In practice, 7 words *randomly* (no cherrypicking) chosen from a 7,000 word dictionary is all you need to keep *everyone* (including government and russian hackers) away from your brainwallet. Anything longer is absolute overkill - despite anything you may hear on these forums. Many people are misinformed when it comes to choosing a proper passphrase. All you will get with longer passphrases, in practice, is a higher risk of forgetting them.

It takes literally billions (not just millions) of dollars to have a reasonable chance of cracking such a passphrase.

Please research and understand passphrase entropy if you don't agree with the above statements.

Also give the NoBrainr script a try for a bare-bones way of generating such passphrases securely.


In practice many people will not choose words randomly.  User error or users not adhering to standards/procedures is the biggest problem in these sorts of things. 

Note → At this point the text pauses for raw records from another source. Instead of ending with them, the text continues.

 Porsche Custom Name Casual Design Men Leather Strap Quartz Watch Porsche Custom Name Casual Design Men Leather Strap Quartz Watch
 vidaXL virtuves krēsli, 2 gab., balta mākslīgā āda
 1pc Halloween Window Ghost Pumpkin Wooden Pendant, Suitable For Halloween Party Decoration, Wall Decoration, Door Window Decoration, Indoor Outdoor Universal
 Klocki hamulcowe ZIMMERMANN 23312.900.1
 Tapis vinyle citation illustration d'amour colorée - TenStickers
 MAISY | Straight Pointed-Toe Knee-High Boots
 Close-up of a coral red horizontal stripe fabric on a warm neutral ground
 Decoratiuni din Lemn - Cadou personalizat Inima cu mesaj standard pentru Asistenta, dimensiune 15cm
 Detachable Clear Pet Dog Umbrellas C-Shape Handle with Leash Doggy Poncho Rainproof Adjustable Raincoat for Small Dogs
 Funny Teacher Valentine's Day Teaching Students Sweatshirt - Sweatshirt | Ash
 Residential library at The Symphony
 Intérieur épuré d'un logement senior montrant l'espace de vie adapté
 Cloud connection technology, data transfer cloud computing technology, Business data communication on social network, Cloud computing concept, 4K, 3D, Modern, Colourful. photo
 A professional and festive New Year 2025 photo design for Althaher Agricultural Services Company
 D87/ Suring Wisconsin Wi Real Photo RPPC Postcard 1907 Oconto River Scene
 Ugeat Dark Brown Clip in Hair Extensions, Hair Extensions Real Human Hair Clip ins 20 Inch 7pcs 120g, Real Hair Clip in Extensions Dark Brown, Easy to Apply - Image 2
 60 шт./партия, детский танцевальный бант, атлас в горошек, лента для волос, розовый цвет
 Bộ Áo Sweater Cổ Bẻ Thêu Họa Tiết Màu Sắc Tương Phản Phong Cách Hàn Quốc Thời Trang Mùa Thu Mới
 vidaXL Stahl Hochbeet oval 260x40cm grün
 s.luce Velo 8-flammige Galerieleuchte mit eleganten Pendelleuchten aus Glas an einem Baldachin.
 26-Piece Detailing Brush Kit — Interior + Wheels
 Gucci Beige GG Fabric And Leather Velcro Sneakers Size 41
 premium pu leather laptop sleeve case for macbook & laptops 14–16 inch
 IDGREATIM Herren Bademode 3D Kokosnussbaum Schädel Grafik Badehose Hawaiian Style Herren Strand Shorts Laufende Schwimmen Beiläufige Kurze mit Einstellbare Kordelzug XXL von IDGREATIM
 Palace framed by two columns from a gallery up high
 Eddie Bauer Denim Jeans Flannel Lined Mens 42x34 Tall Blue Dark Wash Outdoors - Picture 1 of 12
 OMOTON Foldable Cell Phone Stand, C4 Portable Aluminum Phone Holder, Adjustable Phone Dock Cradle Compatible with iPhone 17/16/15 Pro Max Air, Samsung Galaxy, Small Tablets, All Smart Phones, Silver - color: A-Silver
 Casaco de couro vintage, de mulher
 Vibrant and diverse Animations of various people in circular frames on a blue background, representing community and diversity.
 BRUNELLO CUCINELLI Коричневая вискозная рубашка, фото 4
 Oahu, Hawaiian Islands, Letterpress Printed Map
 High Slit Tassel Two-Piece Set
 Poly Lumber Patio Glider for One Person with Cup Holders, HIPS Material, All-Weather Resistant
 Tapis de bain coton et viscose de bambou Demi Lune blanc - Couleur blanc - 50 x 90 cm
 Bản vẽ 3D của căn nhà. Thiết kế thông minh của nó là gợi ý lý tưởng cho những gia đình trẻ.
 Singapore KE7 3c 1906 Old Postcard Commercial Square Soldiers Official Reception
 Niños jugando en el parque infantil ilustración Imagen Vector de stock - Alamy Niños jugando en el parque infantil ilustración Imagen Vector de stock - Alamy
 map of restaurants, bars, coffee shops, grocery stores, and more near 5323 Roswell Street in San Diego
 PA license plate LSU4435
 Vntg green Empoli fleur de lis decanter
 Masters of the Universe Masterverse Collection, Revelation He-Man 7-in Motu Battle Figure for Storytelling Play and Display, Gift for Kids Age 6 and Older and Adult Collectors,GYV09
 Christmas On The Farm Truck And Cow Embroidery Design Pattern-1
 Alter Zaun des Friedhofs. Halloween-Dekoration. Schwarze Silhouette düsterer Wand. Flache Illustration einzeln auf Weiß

If it is done correctly each word is about 2^^13 so 7 is about 2^^91 possibilities.  There are 2^^160 Bitcoin addresses but there is not a one-to-one relationship between private an public keys.  For each public address there is more than one private key that will unlock it once you go through the process at https://en.bitcoin.it/wiki/Technical_background_of_version_1_Bitcoin_addresses.  I saw someone post that the number of private keys you would need is 2^^96 but I could not find that calculation. 
One address is "unlocked" by ~2^96 private keys

~2^256 possible private keys
~2^160 possible addresses
Hence ~2^96 private keys per address

Own address: 19QkqAza7BHFTuoz9N8UQkryP4E9jHo4N3 - Pywallet support: 1AQDfx22pKGgXnUZFL1e4UKos3QqvRzNh5 - Bitcointalk++ script support: 1Pxeccscj1ygseTdSV1qUqQCanp2B2NMM2
Pywallet: instructions. Encrypted wallet support, export/import keys/addresses, backup wallets, export/import CSV data from/into wallet, merge wallets, delete/import addresses and transactions, recover altcoins sent to bitcoin addresses, sign/verify messages and files with Bitcoin addresses, recover deleted wallets, etc.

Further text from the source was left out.